Weekly Roundup: May 18-22, 2020
Fiscal Service Planning Pays Off. Federal News Network reports: “The Bureau of the Fiscal Service, two years after putting together a long-term playbook to modernize the federal financial system, has seen some early investments in technology and its workforce pay off during the coronavirus pandemic. . . . Treasury has sent more than 140 million pandemic stimulus payments worth $239 billion less than two months after passage of the CARES Act.”
Shifting Deadlines. FedScoop reports: “The Federal Data Strategy team is extending target dates in its 2020 action plan as agencies focus on “mission-critical” activities and minimize face-to-face interactions in response to the coronavirus pandemic.”
Sustaining Telework. NextGov reports: “Agencies are now financially able to boost their IT capacity and acquire equipment to operate in the work from home landscape, capabilities that will remain in place after the COVID-19 pandemic passes. For example, the Defense Department has seen unprecedented demand for new equipment ranging from tablets, laptops and network equipment to secure devices. . . “
More Productive. Federal Times reports: “At the onset of the coronavirus pandemic, there were concerns that mass telework would reduce the productivity of federal employees. . . . . According to Ryan Cote, CIO of the Transportation Department, his agency has “absolutely seen an increase” in productivity, but he hasn’t been able to pinpoint why.”
Work Going Forward. Federal Times reports: “Federal Chief Information Officer Suzette Kent said May 21 that the ongoing coronavirus pandemic will leave the federal government “rethinking" many processes that were once required to occur in person.”

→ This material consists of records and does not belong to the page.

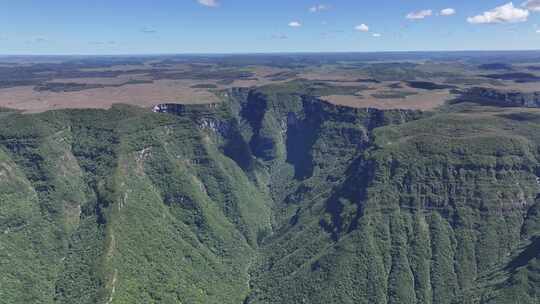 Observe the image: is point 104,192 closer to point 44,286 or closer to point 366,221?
point 44,286

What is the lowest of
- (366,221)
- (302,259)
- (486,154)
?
(302,259)

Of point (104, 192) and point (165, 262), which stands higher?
point (104, 192)

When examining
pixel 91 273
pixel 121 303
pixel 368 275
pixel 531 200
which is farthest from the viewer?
pixel 531 200

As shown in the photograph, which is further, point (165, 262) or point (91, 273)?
point (165, 262)

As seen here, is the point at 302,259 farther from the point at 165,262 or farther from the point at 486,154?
the point at 486,154

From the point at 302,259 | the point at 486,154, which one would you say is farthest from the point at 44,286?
the point at 486,154

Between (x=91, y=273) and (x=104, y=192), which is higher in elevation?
(x=104, y=192)

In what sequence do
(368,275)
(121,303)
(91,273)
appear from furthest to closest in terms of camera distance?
(368,275) < (91,273) < (121,303)

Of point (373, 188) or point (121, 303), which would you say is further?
point (373, 188)

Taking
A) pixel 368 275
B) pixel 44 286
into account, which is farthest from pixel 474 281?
pixel 44 286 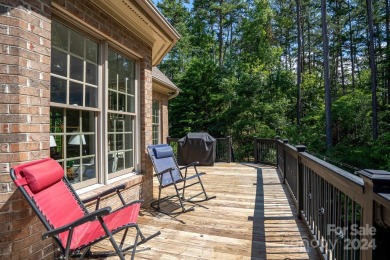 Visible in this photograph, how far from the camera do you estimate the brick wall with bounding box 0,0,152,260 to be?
1866 millimetres

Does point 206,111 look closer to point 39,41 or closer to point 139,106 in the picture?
point 139,106

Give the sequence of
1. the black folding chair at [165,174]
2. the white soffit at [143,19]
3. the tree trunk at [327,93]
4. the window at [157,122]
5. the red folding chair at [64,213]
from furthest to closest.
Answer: the tree trunk at [327,93] < the window at [157,122] < the black folding chair at [165,174] < the white soffit at [143,19] < the red folding chair at [64,213]

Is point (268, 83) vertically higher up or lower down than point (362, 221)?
higher up

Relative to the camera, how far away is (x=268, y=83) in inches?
530

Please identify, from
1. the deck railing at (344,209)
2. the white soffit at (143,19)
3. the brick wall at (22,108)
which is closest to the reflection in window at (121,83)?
the white soffit at (143,19)

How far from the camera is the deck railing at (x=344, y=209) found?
3.93ft

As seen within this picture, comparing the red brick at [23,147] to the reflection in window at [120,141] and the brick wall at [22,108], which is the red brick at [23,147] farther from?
the reflection in window at [120,141]

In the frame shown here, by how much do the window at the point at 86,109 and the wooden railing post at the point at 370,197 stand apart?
2.65m

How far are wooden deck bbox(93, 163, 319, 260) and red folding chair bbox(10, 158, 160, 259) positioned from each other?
56 centimetres

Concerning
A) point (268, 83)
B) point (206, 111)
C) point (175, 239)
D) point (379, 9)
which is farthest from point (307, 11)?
point (175, 239)

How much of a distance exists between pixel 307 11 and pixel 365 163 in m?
14.3

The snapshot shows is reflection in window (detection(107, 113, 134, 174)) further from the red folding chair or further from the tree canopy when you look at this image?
the tree canopy

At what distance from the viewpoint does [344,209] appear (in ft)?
5.58

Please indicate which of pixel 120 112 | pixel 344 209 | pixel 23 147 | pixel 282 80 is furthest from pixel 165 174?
pixel 282 80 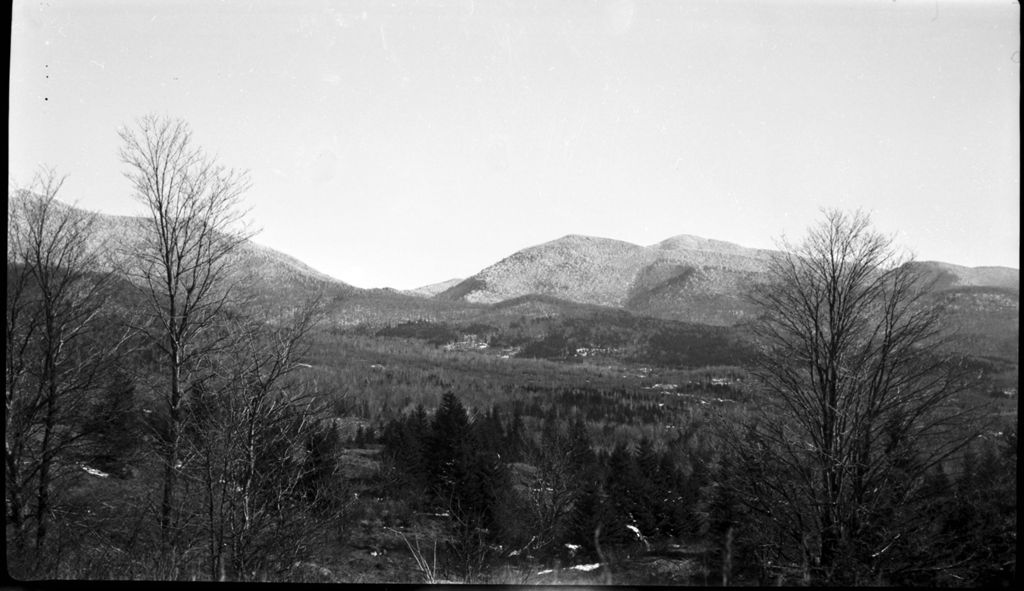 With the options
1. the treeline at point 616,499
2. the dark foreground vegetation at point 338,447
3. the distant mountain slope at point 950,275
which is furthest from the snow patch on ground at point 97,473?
the distant mountain slope at point 950,275

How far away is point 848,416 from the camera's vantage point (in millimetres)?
7703

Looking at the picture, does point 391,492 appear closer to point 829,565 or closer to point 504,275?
point 829,565

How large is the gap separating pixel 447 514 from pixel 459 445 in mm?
1837

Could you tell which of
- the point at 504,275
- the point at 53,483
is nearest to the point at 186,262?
the point at 53,483

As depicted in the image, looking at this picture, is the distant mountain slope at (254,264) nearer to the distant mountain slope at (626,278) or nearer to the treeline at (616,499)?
the treeline at (616,499)

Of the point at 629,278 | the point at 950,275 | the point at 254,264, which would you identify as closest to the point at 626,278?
the point at 629,278

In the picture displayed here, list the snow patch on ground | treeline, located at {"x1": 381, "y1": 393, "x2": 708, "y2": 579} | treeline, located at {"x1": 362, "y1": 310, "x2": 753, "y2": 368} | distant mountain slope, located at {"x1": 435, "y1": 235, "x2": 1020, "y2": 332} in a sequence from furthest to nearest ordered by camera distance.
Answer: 1. treeline, located at {"x1": 362, "y1": 310, "x2": 753, "y2": 368}
2. distant mountain slope, located at {"x1": 435, "y1": 235, "x2": 1020, "y2": 332}
3. treeline, located at {"x1": 381, "y1": 393, "x2": 708, "y2": 579}
4. the snow patch on ground

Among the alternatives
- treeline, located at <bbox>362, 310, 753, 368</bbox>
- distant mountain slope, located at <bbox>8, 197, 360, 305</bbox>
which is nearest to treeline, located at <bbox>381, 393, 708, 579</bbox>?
distant mountain slope, located at <bbox>8, 197, 360, 305</bbox>

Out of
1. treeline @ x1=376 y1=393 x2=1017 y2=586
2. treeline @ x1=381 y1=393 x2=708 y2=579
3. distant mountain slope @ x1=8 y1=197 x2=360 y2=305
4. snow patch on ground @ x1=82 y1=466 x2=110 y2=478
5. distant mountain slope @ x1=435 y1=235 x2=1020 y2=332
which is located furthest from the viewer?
distant mountain slope @ x1=435 y1=235 x2=1020 y2=332

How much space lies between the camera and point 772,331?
8719 mm

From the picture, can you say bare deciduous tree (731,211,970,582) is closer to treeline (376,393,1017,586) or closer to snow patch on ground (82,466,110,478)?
treeline (376,393,1017,586)

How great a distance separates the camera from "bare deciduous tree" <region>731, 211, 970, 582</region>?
23.5 ft

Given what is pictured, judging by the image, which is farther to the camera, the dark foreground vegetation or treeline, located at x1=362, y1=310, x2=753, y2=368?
treeline, located at x1=362, y1=310, x2=753, y2=368

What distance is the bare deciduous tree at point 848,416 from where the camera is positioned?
7.18 m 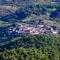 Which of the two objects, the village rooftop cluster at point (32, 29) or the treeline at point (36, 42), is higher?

Intel Community Telework. Federal News Network reports: “With many civilian agencies now considering how they’ll reopen and modify office spaces, the pandemic has shown federal and industry leaders in the intelligence community that work arrangements for the classified workforce can — and likely will — need to change too.”
VA’s Hiring Streamlined. For Good? Federal News Network reports: “In the earliest days of the coronavirus crisis, the Veterans Health Administration faced a difficult personnel challenge: Hire as many new medical professionals as possible, and get them working as quickly as they can. . . . Richard Stone, VHA’s executive in charge, tasked the agency with a tougher goal: find a way to onboard a new employee within three days.. . . The challenge seemed daunting, considering it usually takes VHA about 90 days to hire and onboard a new employee. . . . The process improvements helped VHA hire more than 12,000 new people between March 29 through May 18.”
A Grim View of HR. Federal News Network reports: “The downsizing and decentralization of federal HR over the last three decades have created a void that many agencies haven’t quite recovered from, and emerging technology has yet to fill the gap, according to the Merit Systems Protection Board.”
Veterans Benefits Claims Backlog Spikes. FCW reports: “Under the 100% telework regime, backlogged claims increased slowly but steadily, before spiking in early May. As of May 16, the backlog number was 101,456. A week earlier, the backlog stood at 96,088. As recently as May 2, the figure was just over 80,000.”
VA benefits backlog spikes amid COVID pandemic. The backlog of initial claims for benefits by veterans has been spiking in recent weeks, after holding steady amid the 100% telework posture of the Veterans Benefits Administration. The backlog of claims for veterans' benefits -- those that have yet to be addressed for 125 days or longer – has crept up to over 100,000 according to data released Monday. VBA had been able to keep the backlog well below that number for months, in keeping with an overall Department of Veterans Affairs goal to lower the figure.
Pandemic reshapes workforce paradigms at DHS. Mandatory telework has DHS and other agencies rethinking their IT security and processes.
'Zero trust' requires IT and the mission side to collaborate. Since 9/11, agencies have been pushed to quickly and easily share information, but cybersecurity failures are pushing government to a zero trust model – one which brings challenges of its own.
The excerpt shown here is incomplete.